(THE DATA begins)

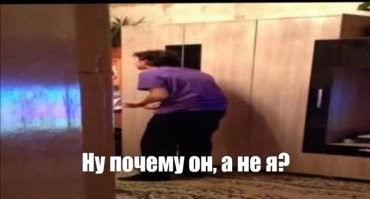 Рэпер Дрейк раздавал доллары в стрип-клубе, а потом дал 50 тысяч долларов фанату, которого бросила девушка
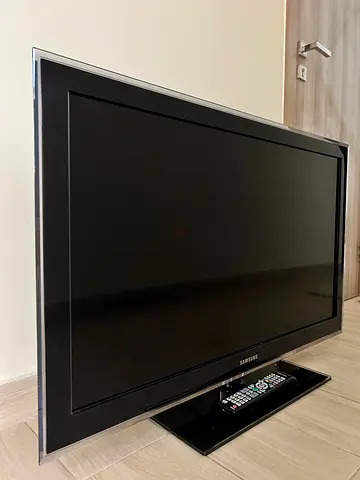 Samsung 40 inch Full HD LED Smart TV, Excellent Condition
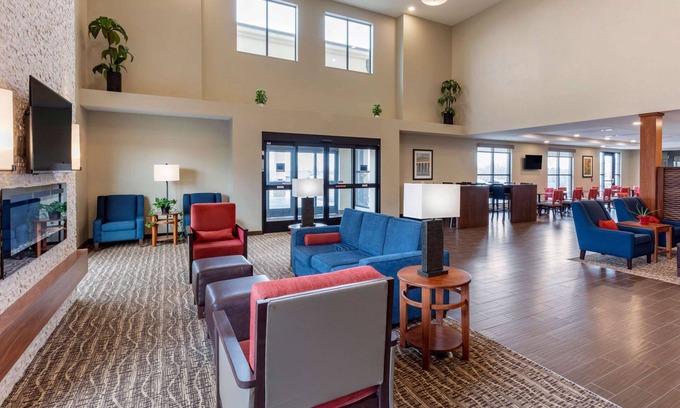 White House Hotel | Comfort Inn White House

(THE DATA ends)

Omit the pictures and reproduce the listing exactly.

■ RESPONSE TO THE EXERCISE
 Рэпер Дрейк раздавал доллары в стрип-клубе, а потом дал 50 тысяч долларов фанату, которого бросила девушка
 Samsung 40 inch Full HD LED Smart TV, Excellent Condition
 White House Hotel | Comfort Inn White House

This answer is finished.